Flexible Deep Learning Framework in Julia


READ ME

This is alpha version, but the examples are working.

Merlin: deep learning framework in Julia

Merlin is a deep learning framework written in Julia.

It aims to provide a fast, flexible and compact deep learning library for machine learning. Our primary goal is to develop a natural language processing toolkit based on Merlin.

Merlin is tested against Julia 0.5 on Linux, OS X, and Windows (x64).

Build Status Build status

Documentation

Requirements

  • Julia 0.5 or later
  • g++ (for OSX or Linux)

Installation

First, install Julia. Currently, version 0.5 is supported.

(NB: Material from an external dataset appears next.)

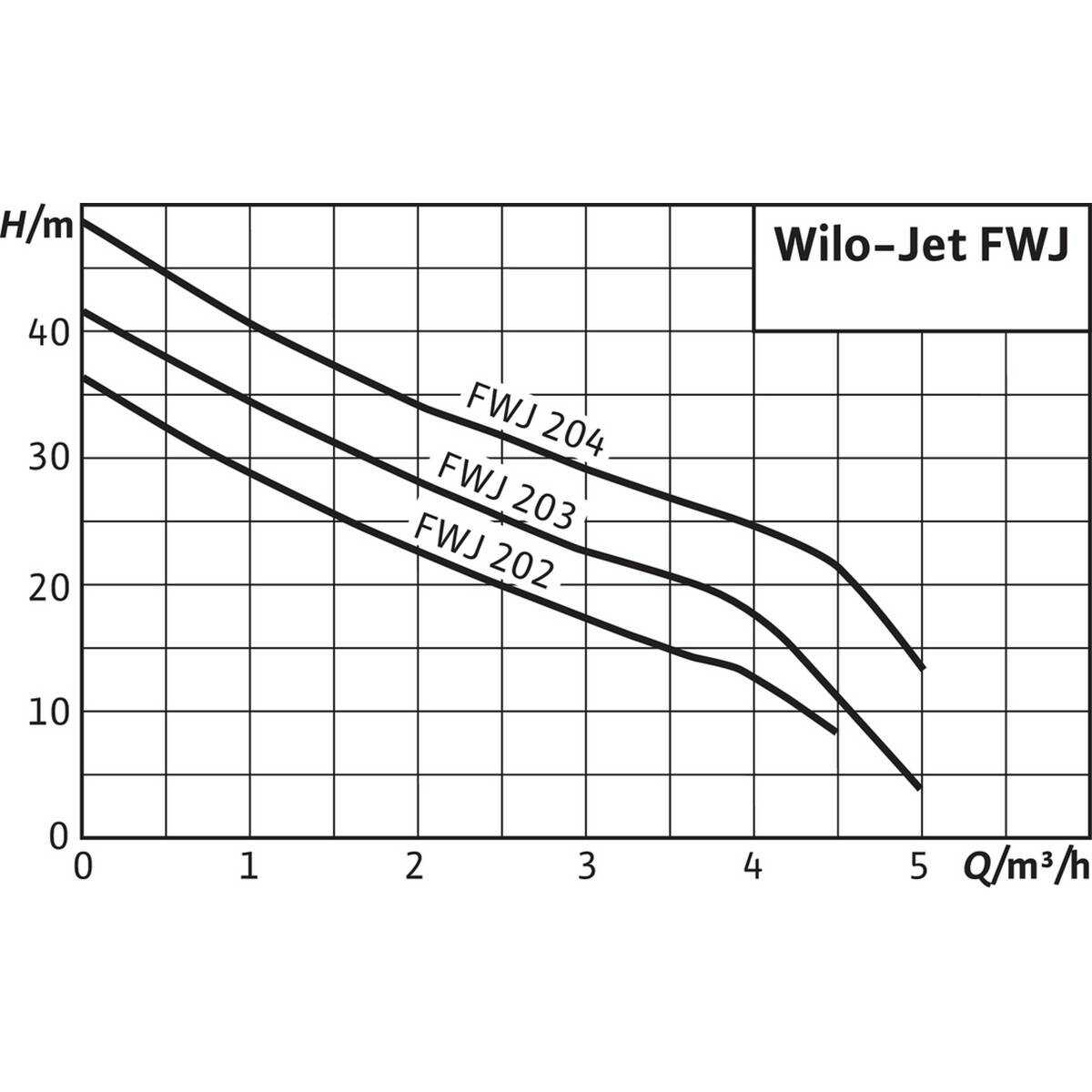 Système de distribution d'eau Wilo-FWJ-202-EM/3 (2543629)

Then, clone and build the package.

julia> Pkg.clone("https://github.com/hshindo/Merlin.jl.git")
julia> Pkg.build("Merlin")

To run the Merlin examples, add MLDatasets package:

julia> Pkg.clone("https://github.com/JuliaML/MLDatasets.jl.git")

which provides an access to common machine learning datasets.

Quick Start

Basically,

  1. Wrap your data with Var or zerograd.
  2. Apply functions to Var. Var memorizes a history of functional applications for auto-differentiation.
  3. Compute gradients if necessary.

Here is an example of three-layer network:

using Merlin

T = Float32
x = zerograd(rand(T,10,5)) # initialize Var with zero gradient
y = Linear(T,10,7)(x)
y = relu(y)
y = Linear(T,7,3)(y)

gradient!(y)
println(x.grad)

If you don't need gradients of x, use x = Var(rand(T,10,5)).

When you apply Var() to a function, it's lazily evaluated.

T = Float32
x = Var()
y = Linear(T,10,7)(x)
y = relu(y)
y = Linear(T,7,3)(y)
@assert y.data == nothing

f = compile(y, x) # output: y, input: x
x = zerograd(rand(T,10,10))
y = f(x)

where compile(y, x) compiles the network structure from output variable: y and input variable: x, and create a Graph object. When the network structure is static, it is recommended to use this style.

More examples can be found in examples.

Datasets

Common datasets are available via MLDatasets.jl.